| What you will do |
In the records below, find the line with "12 Servilleteros Perlas" and repeat it and every line after it, exactly, without any pictures.

Content starts

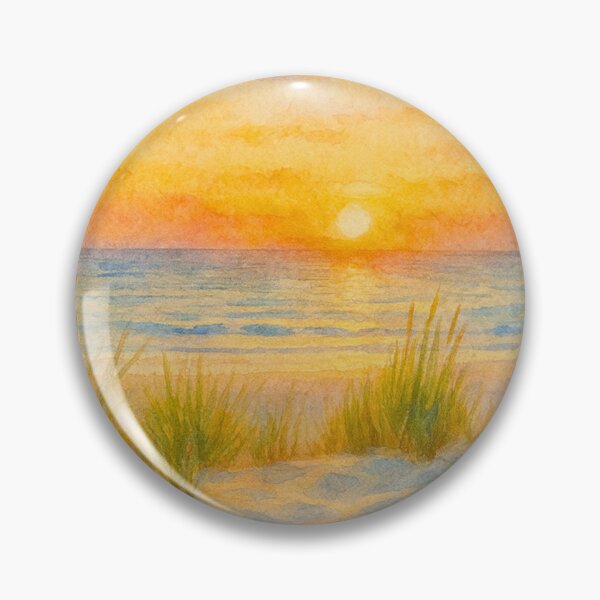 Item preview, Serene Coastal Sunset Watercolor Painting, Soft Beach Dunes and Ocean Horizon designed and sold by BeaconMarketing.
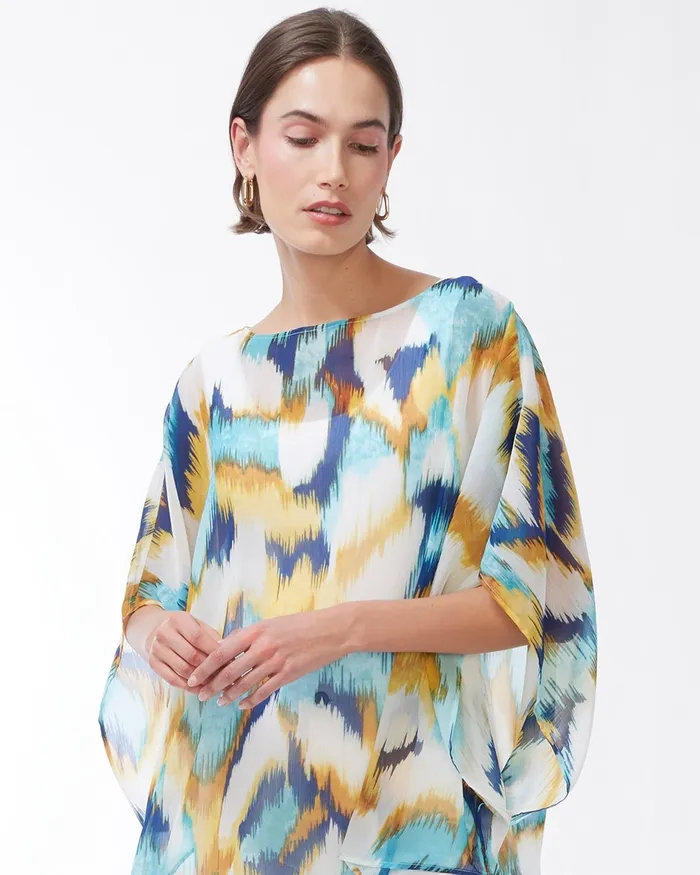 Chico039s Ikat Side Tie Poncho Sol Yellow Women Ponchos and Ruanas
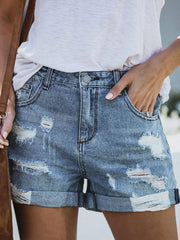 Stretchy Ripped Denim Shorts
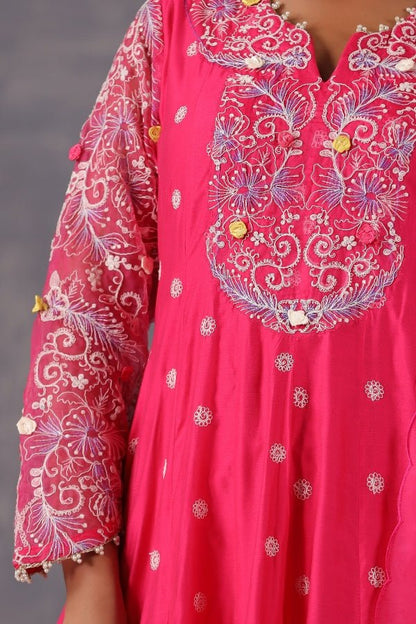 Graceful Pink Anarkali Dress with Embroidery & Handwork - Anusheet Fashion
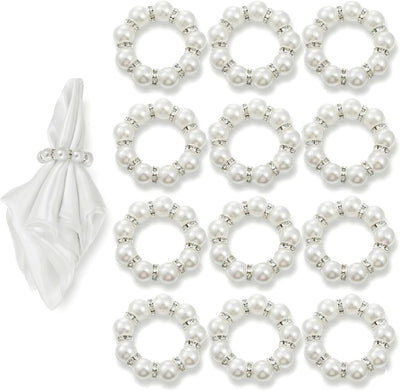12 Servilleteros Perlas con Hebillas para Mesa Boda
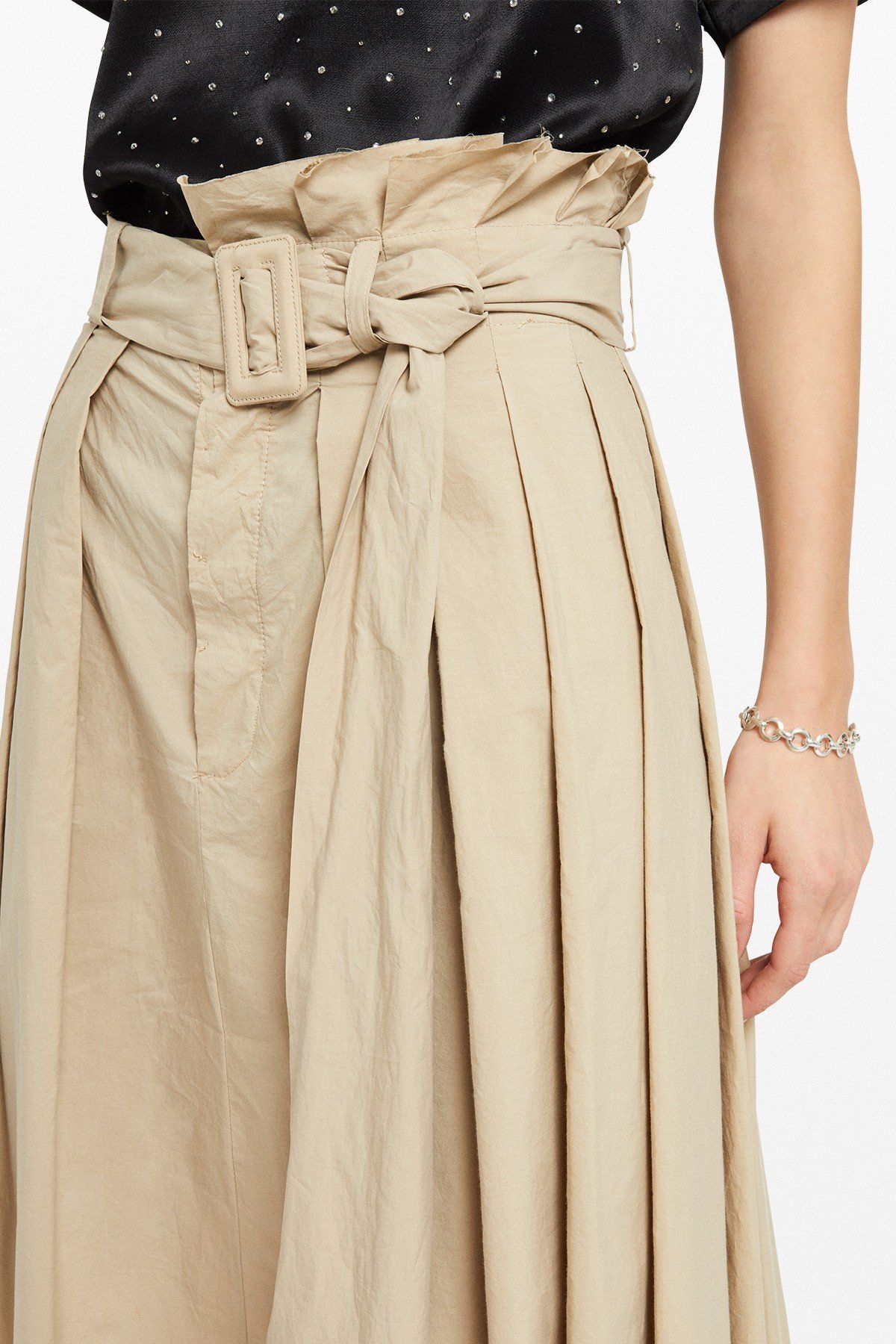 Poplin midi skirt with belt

Content ends

| Task output |
12 Servilleteros Perlas con Hebillas para Mesa Boda
 Poplin midi skirt with belt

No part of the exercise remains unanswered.